» **Requirement**
Each line in the records below, from the one that contains "Bavullu Kadın Tren" to the one that contains "Indiana Jones con", should be reproduced exactly, the first and last included.

» **Records for the exercise**
=== Begin Enclosure ===
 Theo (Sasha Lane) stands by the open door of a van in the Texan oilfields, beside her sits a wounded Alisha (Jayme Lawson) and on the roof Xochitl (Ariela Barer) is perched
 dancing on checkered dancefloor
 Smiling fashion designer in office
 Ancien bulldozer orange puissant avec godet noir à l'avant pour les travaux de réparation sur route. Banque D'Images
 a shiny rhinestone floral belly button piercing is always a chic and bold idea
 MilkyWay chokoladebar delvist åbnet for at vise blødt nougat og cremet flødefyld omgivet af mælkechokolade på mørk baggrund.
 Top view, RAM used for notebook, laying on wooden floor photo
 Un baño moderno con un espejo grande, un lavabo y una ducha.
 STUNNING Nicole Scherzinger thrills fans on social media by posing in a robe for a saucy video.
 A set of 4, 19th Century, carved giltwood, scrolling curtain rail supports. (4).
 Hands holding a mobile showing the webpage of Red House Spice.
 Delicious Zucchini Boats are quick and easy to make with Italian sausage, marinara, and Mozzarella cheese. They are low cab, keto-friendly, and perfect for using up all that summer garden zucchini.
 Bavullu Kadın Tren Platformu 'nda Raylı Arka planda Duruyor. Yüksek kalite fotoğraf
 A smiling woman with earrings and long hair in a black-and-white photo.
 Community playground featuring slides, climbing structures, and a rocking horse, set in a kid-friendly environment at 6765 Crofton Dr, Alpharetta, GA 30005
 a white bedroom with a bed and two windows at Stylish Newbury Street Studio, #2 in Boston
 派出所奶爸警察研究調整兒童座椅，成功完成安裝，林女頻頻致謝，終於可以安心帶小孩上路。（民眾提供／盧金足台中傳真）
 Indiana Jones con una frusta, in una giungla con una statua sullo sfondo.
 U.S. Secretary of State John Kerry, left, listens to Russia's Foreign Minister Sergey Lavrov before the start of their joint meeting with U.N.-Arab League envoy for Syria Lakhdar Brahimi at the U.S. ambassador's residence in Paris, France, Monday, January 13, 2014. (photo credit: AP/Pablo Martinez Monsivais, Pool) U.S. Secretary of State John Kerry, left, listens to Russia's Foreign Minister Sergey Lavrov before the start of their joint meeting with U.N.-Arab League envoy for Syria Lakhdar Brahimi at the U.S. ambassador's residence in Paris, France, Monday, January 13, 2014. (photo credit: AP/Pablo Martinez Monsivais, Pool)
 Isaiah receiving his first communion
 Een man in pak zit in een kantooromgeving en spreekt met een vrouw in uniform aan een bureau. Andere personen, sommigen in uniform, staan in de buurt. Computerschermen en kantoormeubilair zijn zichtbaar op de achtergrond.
=== End Enclosure ===
» **Problem solution**
 Bavullu Kadın Tren Platformu 'nda Raylı Arka planda Duruyor. Yüksek kalite fotoğraf
 A smiling woman with earrings and long hair in a black-and-white photo.
 Community playground featuring slides, climbing structures, and a rocking horse, set in a kid-friendly environment at 6765 Crofton Dr, Alpharetta, GA 30005
 a white bedroom with a bed and two windows at Stylish Newbury Street Studio, #2 in Boston
 派出所奶爸警察研究調整兒童座椅，成功完成安裝，林女頻頻致謝，終於可以安心帶小孩上路。（民眾提供／盧金足台中傳真）
 Indiana Jones con una frusta, in una giungla con una statua sullo sfondo.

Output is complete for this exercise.